Tiempos revueltos contains a detailed description of the crimes perpetrated by the United States against the people of Puerto Rico during the 20th Century as well as the history of the Nationalist Party and the challenges the organization confronted. The sources of information used to write the novel include interviews with members of the Nationalist army, Torresola family members and their relatives and friends, residents of Jayuya in 1950, the so-called FBI Secret Files on Puerto Rico, released in their entirety to the public by a congressional order and related to the surveillance and compilation of data on nationalists and independence advocates and, more than 600 other sources of information located in the University of Puerto Rico's Puerto Rican Collection, newspaper and periodical libraries and film archives in Puerto Rico, Cuba and the United States.

Several universities and high schools in Puerto Rico have included Tiempos revueltos in their compulsory reading lists and in 2015, during a tribute rendered to him in Havana for being part of the 1950 revolutionary feat and for his unyielding patriotism throughout the years, Jayuya revolutionary Heriberto Marín handed a copy of Tiempos revueltos to Ricardo Alarcón, the president of Cuba's National Assembly (1993-2013) considered for many years the third most powerful political figure in Cuba.

- ¿Lobos o Ungidos?
¿Lobos o ungidos? (Wolves or anointed?) was published in 2013; this narrative details the investigation and the efforts undertaken to unravel the events that took place at La Santa Montaña de Puerto Rico between 1899 and 2013, including those that took place after the reappearance of the blood allegedly shed at the mountain by Nuestra Madre, the name given by the peasants to the figure they claim was present on the peak between 1899 and 1909.

Nuestra madre
Nuestra madre (Our mother) is a second narrative which completes the trilogy (along with La buenaventura and ¿Lobos o ungidos?) and delves into the mystery of La Santa Montaña de Puerto Rico. Published in 2014, it contains a synopsis of La buenaventura, the latest events regarding the alleged Marian apparition at the mountain, an interview with the bishop emeritus of the Diocese of Caguas, Monsignor Enrique Hernández and testimonies of people who claim they have been healed at the mountain through the intercession of the Virgin Mary or have supposedly witnessed miraculous events there.

  - Sabras que te quiero
Sabrás que te quiero (Know that I love you) was published in 2017, this is Negretti's second historical novel.
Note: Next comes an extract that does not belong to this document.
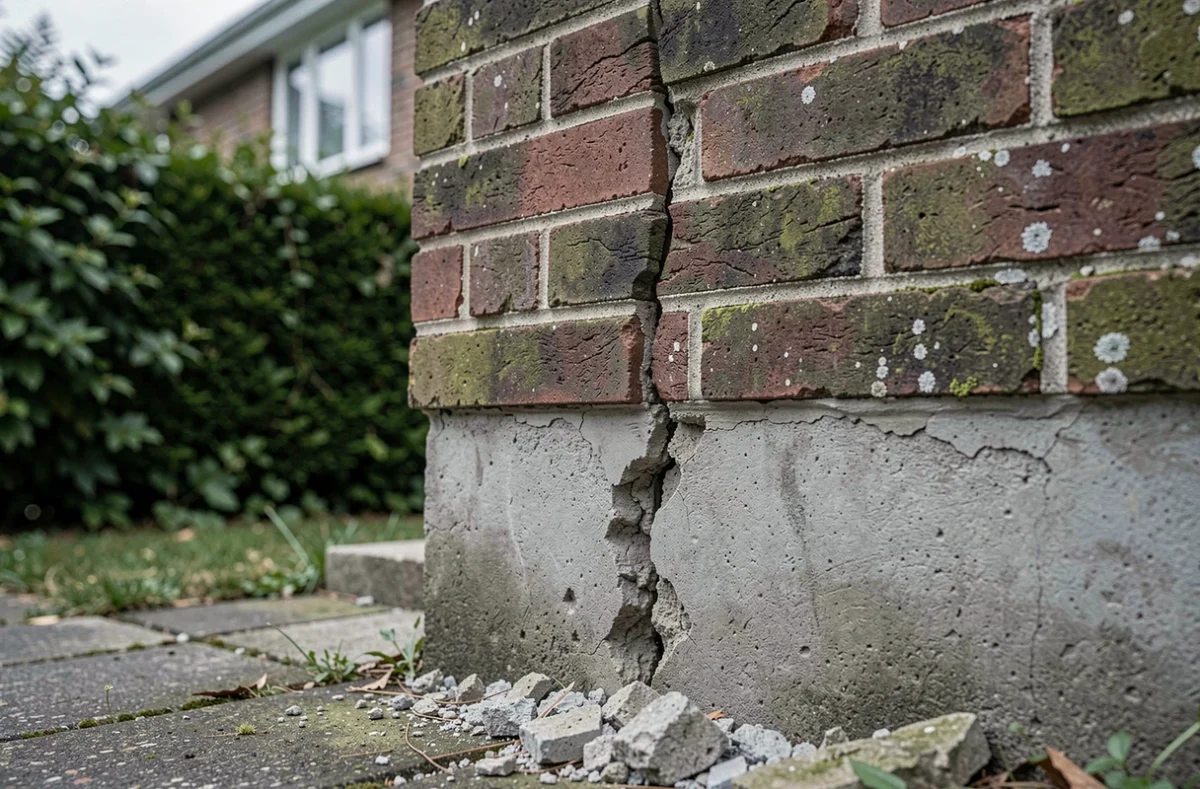 Fissure structurelle entre un mur en briques et les fondations d'une maison vue de l'extérieur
The book narrates the indomitable patriotic spirit, the immense love for her family and for the city in which she was born, as well as the social, political and personal events that affected the life of Old San Juan native Emilia Santisteban (née Maldonado) since her 1863 birth until her death in 1952, especially those that took place once she promised to never again step on American soil after having witnessed the October 18, 1898 ceremony at Plaza de Armas (Arms Square) in which invading U.S. troops took over the capital.

The political and social history of the island and the customs, as well as the idiosyncrasy of the Puerto Rican people during the 19th Century and the first half of the 20th century are recreated in detail in this novel, for which the author consulted over 400 sources of information.

  - Cascabel de la Luna
Cascabel de la Luna (2019)
El bohique de Bieke dio por sentado que había logrado cerrar el portal aledaño a la tumba del gran ancestro araguacú, evitando así la desapareción de mujeres durante las noches de luna llena.

La visión menguante del chamán impidió que se percatara de que uno de los símbolos grabados en la piedra colocada en el lugar a manera de conjuro era el equivocado, por lo que varias jóvenes distintas épocas empredieron viajes hacia el futuro a enfrentar situaciones insospechadas, incluyendo la instauración de la República de Vieques.